Most people when they breath use a technique called “shallow breathing”. It’s when they bring in just enough oxygen to keep themselves going. If you notice your chest rising and falling with your breath then you’re probably shallow breathing.

Shy people are more likely to engage in shallow breathing because social anxiety and nervousness increase the bodies need for oxygen since it thinks it’s under some sort of threat. You’ve felt your heart pumping when talking to that cute girl right? Well your heart is frantically pumping blood filled with oxygen to every part of your body and it is trying to bring in more oxygen using rapid shallow breathing.

The bad thing about shallow breathing is that it can result in the tightening of vocal cords which makes it more difficult for you to speak clearly.

Instead of shallow breathing use a technique called “deep breathing”. This is when you bring in the maximum amount of oxygen into your body, relax your vocal cords, and become calmer. Here’s how to do it:

  1. Inhale air slowly and deeply through your nose for ten seconds. As you inhale you should see your abdomen area rising (rather than your chest area as is the case with shallow breathing, you’ll need to practice at first).
  2. Exhale through your mouth for ten seconds. Your abdomen should fall.

If you practice this technique in private you will soon be able to do it in public without interrupting your conversations.

#5. Don’t Try To Fill Pauses

Pay attention to your speech next time you’re speaking with a friend. Do you fill in little pauses or breaks in your sentences with fillers such as “umm” or “like” or “you know”?

If you do then stop that. People who use a lot of silence “fillers” are seen as less intelligent and less confident by people.

Silence is one of your best friends when it comes to conversations. Silence can be used to underline the important bits of what you’re saying. Having a bit of silence while you’re considering your next sentence or your next word is okay.

#6. Smile

A lot of people think that shy people don’t want to talk. That they don’t like having conversations.

Nothing could be further from the truth!

When I was extremely shy I still loved to have conversations about deep topics. But I just couldn’t work up the courage to have those conversations!

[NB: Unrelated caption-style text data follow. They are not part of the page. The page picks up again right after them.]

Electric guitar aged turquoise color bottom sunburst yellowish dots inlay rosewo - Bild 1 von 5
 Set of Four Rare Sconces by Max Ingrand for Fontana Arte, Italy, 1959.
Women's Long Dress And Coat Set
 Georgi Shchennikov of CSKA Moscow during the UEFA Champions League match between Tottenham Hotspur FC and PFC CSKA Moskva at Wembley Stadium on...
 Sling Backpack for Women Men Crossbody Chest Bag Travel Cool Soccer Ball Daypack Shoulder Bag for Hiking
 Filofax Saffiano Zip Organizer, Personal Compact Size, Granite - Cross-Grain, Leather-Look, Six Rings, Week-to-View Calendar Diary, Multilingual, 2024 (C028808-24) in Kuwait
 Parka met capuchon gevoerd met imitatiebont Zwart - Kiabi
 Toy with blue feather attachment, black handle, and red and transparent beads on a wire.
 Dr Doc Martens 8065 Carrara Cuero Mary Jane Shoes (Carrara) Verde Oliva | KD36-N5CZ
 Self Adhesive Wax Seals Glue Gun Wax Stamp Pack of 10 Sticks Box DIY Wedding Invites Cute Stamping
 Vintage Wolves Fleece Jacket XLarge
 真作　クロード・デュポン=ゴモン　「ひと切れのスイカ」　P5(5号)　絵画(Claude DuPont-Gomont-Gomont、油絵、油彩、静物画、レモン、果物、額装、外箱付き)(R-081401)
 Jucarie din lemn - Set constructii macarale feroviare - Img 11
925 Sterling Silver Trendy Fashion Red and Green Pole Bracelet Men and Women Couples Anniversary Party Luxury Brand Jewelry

But people are extremely quick at judging quiet people. Labels are quickly generated and beliefs that you’re just not interested in talking stick to you.

This is why smiling is so important. Even if you’re usually quiet, smiling and being positive during the times when you do have conversations will make people less likely to label you as “anti-social” and they will be more likely to continue reaching out to you because interacting with you is pleasant.

#7. Use Power Postures

The way that you stand or sit has an effect on how you feel. If you cross your arms protectively and slouch then your anxiety will increase. However if you stand tall with your legs spread, your head high, and your shoulders straight you’ll experience a reduction in anxiety and an increase in confidence.

This has been proven in a series of clinical tries by Social Psychologist Amy Cuddy and her colleagues (see citations at the end of this article). They found that emotion can be controlled directly by the poses you make.

If you sit in a chair with your hands behind your head and your legs up on the table you’re going to feel more confident (and appear more confident) than if you sat scrunched up and huddled in the chair with your legs crossed.

There is an interesting TED Talk about power poses and the effects that they have on our minds. Check it out:

Conclusion

If you use the tips described in this article you will soon find yourself speaking more confidently. You’ll capture and keep people’s attention better. And you’ll find that people will be a lot more “into” what you’re saying.

Of course shyness isn’t something you conquer in a day. But by using the advice in this article and practicing daily you’ll soon find that the quantity and quality of your conversations and social interactions will increase.

Citations

Cuddy, Amy J.C., Caroline A. Wilmuth, and Dana R. Carney. “The Benefit of Power Posing Before a High-Stakes Social Evaluation.” Harvard Business School Working Paper, No. 13-027, September 2012.